You really can't compare digestive rates of Nepenthes in cultivation with that of Nepenthes in the wild. The reason is that while the digestive fluids themselves may not be that strong (and mainly secreted in young pitchers), this ignores the whole communities of native invertebrates that aid in decomposition... Capture of vertebrates has been reported in a number of Asian nepenthes. This is a species that doesn't tend to trap frogs but does trap lizards http://faculty.frostburg.edu/biol/hli/research/Nepenthes.pdf 
We have to be careful about extending the adaptation of some frogs to using the traps to all frogs. (see for example http://faculty.ncf.edu/mccord/pdf/HebertLauraPitcherplant.pdf). Rodents are also reported..
Treefrogs are also reported using Sarracenia as refuge and possible hunting spots and are also captured (see for example http://flash.lakeheadu.ca/~wqin/Rosa Pitcher Plants.pdf ). 

Some comments,

Ed


----------



## Eric Walker (Aug 22, 2009)

so then the liquid, or digestive fluid, would not do any harm to the frog if it 
ended up with some on it and then left the plant? I was wondering this the other day after marty posted just didn't ask.


----------



## mordoria (Jan 28, 2011)

Ed said:


> You really can't compare digestive rates of Nepenthes in cultivation with that of Nepenthes in the wild. The reason is that while the digestive fluids themselves may not be that strong (and mainly secreted in young pitchers), this ignores the whole communities of native invertebrates that aid in decomposition... Capture of vertebrates has been reported in a number of Asian nepenthes. This is a species that doesn't tend to trap frogs but does trap lizards http://faculty.frostburg.edu/biol/hli/research/Nepenthes.pdf
> We have to be careful about extending the adaptation of some frogs to using the traps to all frogs. (see for example http://faculty.ncf.edu/mccord/pdf/HebertLauraPitcherplant.pdf).

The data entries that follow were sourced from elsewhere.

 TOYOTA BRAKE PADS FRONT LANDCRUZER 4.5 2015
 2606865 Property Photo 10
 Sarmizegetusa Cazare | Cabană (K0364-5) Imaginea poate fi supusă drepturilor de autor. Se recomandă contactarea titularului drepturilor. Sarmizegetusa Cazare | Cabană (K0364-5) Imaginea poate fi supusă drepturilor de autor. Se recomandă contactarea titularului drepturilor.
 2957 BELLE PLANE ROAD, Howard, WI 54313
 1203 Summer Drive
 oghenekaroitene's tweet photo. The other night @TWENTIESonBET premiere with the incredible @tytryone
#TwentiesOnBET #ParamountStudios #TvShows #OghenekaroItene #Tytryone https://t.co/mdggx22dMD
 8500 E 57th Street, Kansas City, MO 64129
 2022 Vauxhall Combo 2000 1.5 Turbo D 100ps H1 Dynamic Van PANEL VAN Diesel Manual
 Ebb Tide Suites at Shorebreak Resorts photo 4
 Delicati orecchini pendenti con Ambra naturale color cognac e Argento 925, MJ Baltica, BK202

Rodents are also reported..
> Treefrogs are also reported using Sarracenia as refuge and possible hunting spots and are also captured (see for example http://flash.lakeheadu.ca/~wqin/Rosa Pitcher Plants.pdf ).
> 
> ...


Great articles!


----------



## MountaineerLegion (Apr 8, 2008)

I don't think it was a coincidence that he took a dive while you were there with the camera...I think he had a running bet with his frog buddies that he could get you to "save" him. After you left to check out your shots he and his buddies kicked back, ate a few flies, and laughed at how gullible you were for the rest of the day. 

I agree with the others...fantastic shots! The "hand of god" reaching down from heaven to save the meek from certain death.


----------